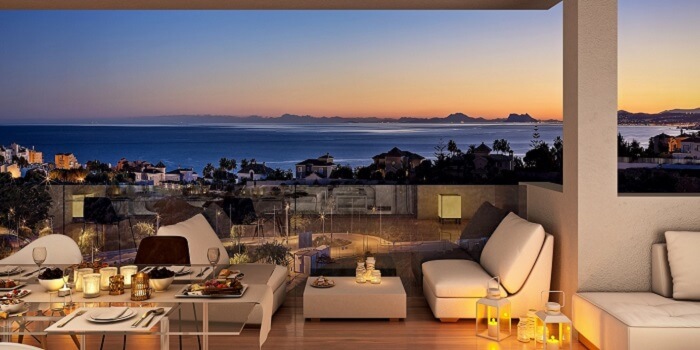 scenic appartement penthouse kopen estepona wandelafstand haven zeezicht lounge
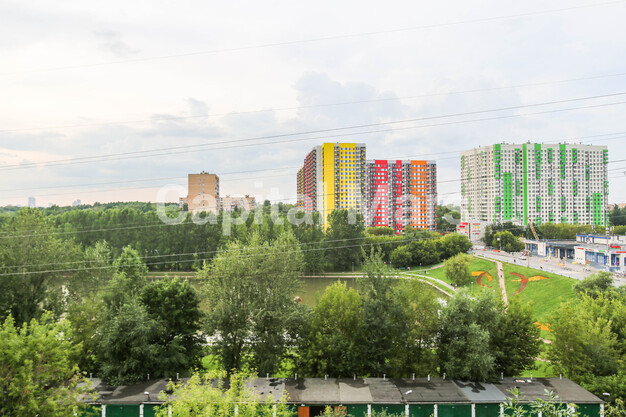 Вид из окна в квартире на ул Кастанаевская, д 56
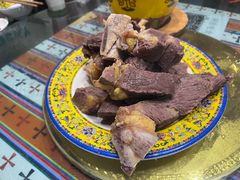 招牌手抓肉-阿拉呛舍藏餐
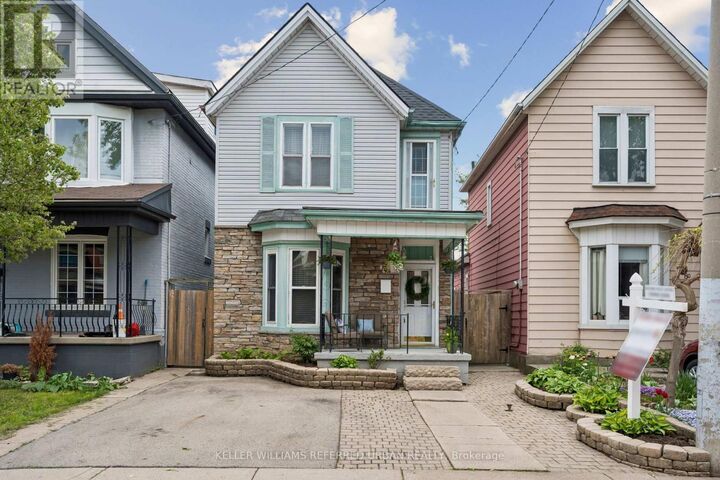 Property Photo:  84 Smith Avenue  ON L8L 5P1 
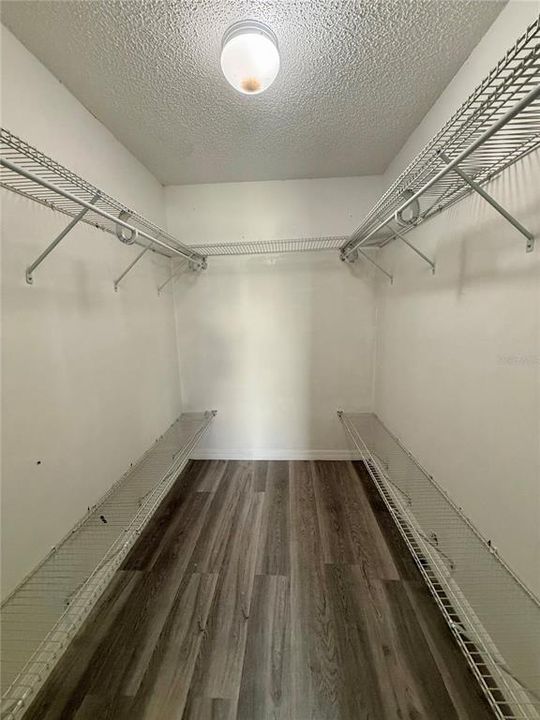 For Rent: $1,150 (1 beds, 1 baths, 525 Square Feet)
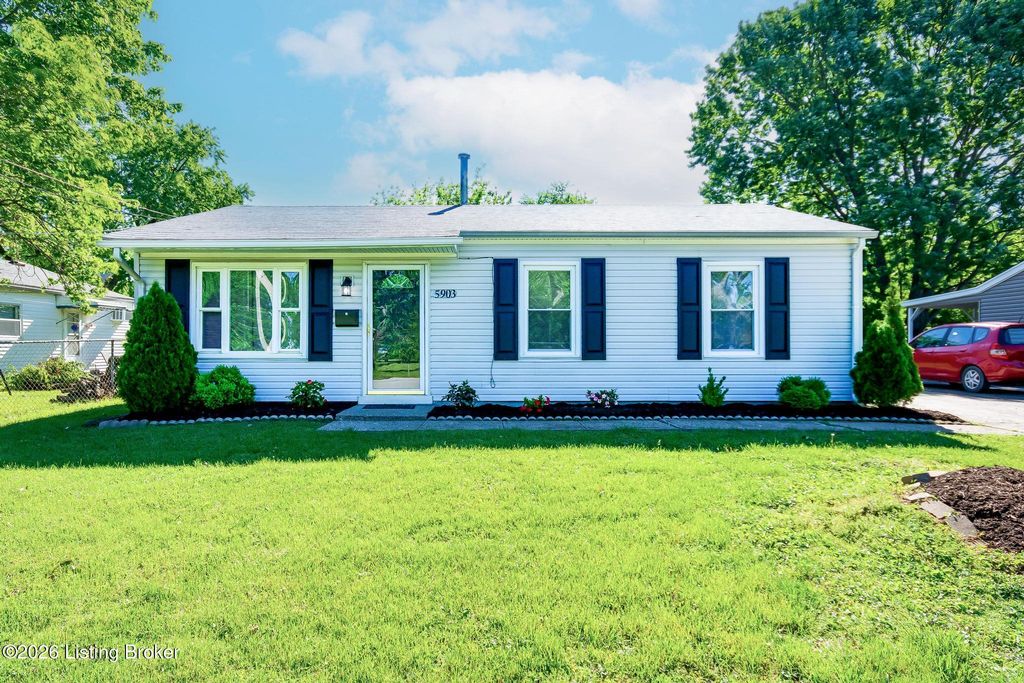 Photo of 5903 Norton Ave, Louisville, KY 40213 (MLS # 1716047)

* TASK ITEM *
Please retype the data exactly as it appears, but without any of its pictures.

* TASK OUTPUT *
 scenic appartement penthouse kopen estepona wandelafstand haven zeezicht lounge
 Вид из окна в квартире на ул Кастанаевская, д 56
 招牌手抓肉-阿拉呛舍藏餐
 Property Photo:  84 Smith Avenue  ON L8L 5P1 
 For Rent: $1,150 (1 beds, 1 baths, 525 Square Feet)
 Photo of 5903 Norton Ave, Louisville, KY 40213 (MLS # 1716047)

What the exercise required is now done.